A shortage of goods? No
A shortage of money? No
A shortage of drivers to deliver the goods? Well, sort of.
There isn’t actually a shortage of drivers, what we have, is a shortage of people who can drive, that are willing to drive any more. You might wonder why that is. I can’t answer for all drivers, but I can give you the reason I no longer drive. Driving was something I always yearned to do as a young boy, and as soon as I could, I managed to get my driving licence, I even joined the army to get my HGV licence faster, I held my licence at the age of 17. It was all I ever wanted to do, drive trucks, I had that vision of being a knight of the roads, bringing the goods to everyone, providing a service everyone needed. What I didn’t take into account was the absolute abuse my profession would get over the years.

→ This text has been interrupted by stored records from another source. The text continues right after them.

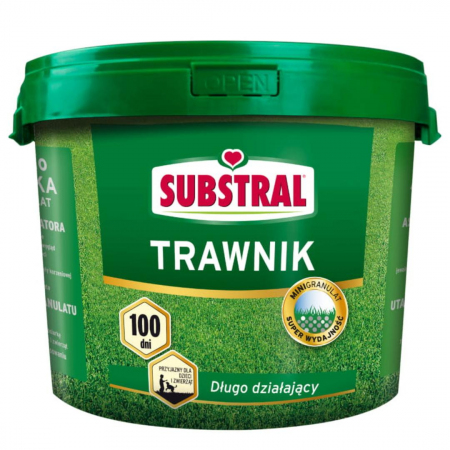 Nawóz do trawnika Substral 100 dni 5 kg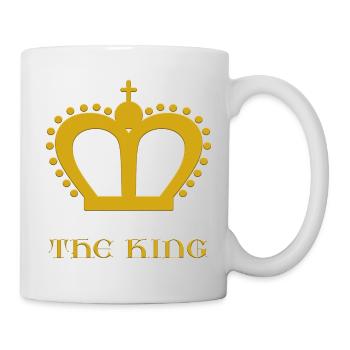 the king - Mug - white - Right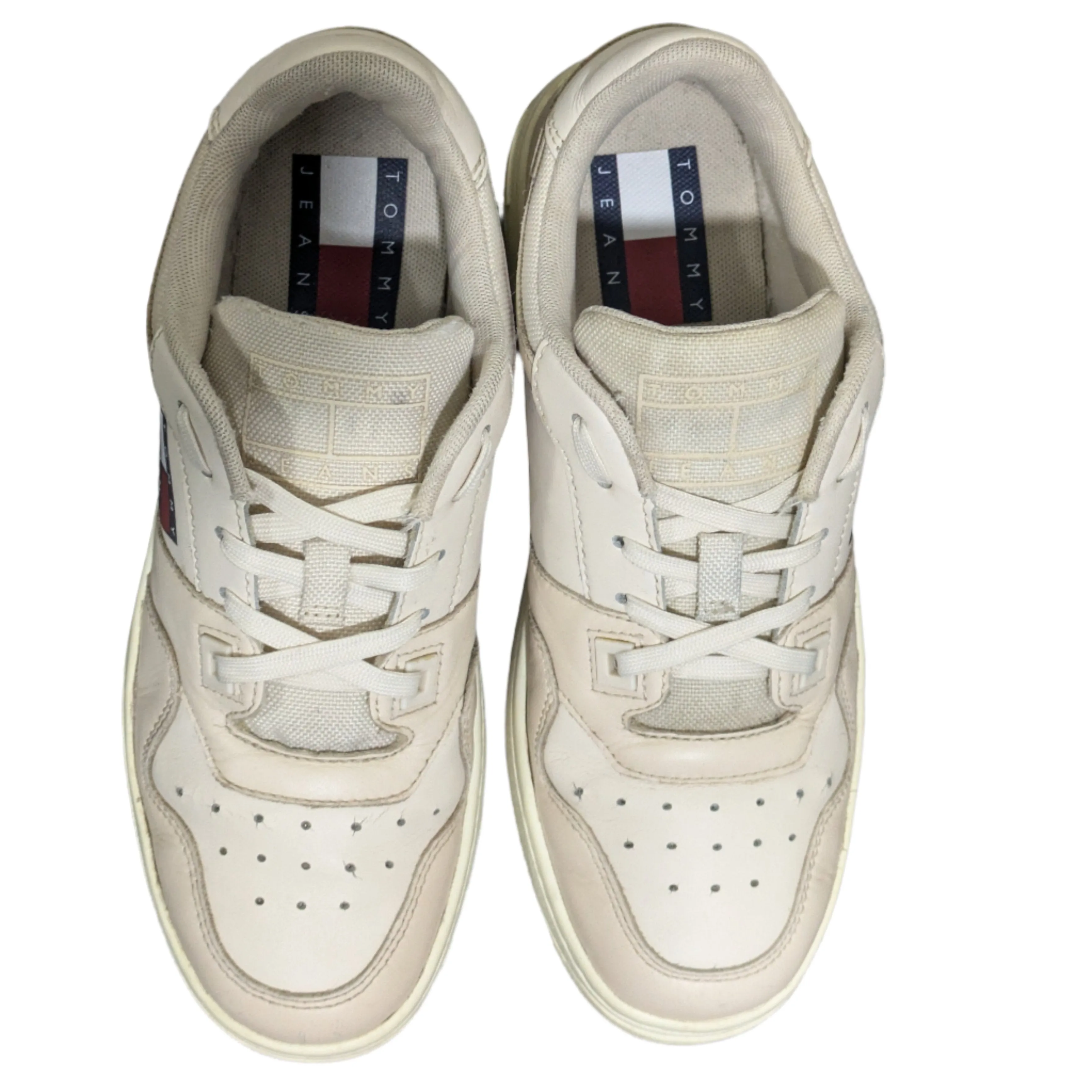 Tommy Jeans Retro Basket Trainers Size EU 37 / UK 4 / US 6.5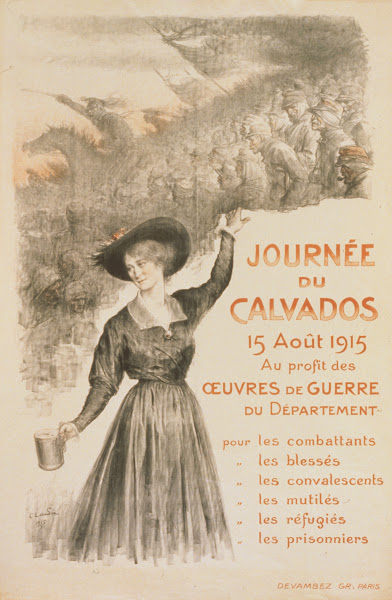 JournéE Du Calvados 15 AoôT 1915 Au Profit Des Oeuvres De Guerre Du DéPartement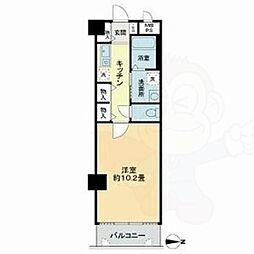 ライオンズマンション上鳥羽 5階/-
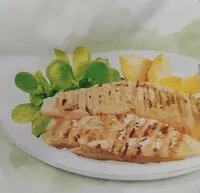 Mängden socker i Escalope de dinde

I have seen a massive decline in the respect this trade has, first, it was the erosion of truck parking and transport café’s, then it was the massive increase in restricting where I could stop, timed weight limits in just about every city and town, but not all the time, you can get there to do your delivery, but you can’t stay there, nobody wants an empty truck, nobody wants you there once they have what they did want.
Compare France to the UK. I can park in nearly every town or village, they have marked truck parking bays, and somewhere nearby, will be a small routier, where I can get a meal and a shower, the locals respect me, and have no problems with me or my truck being there for the night.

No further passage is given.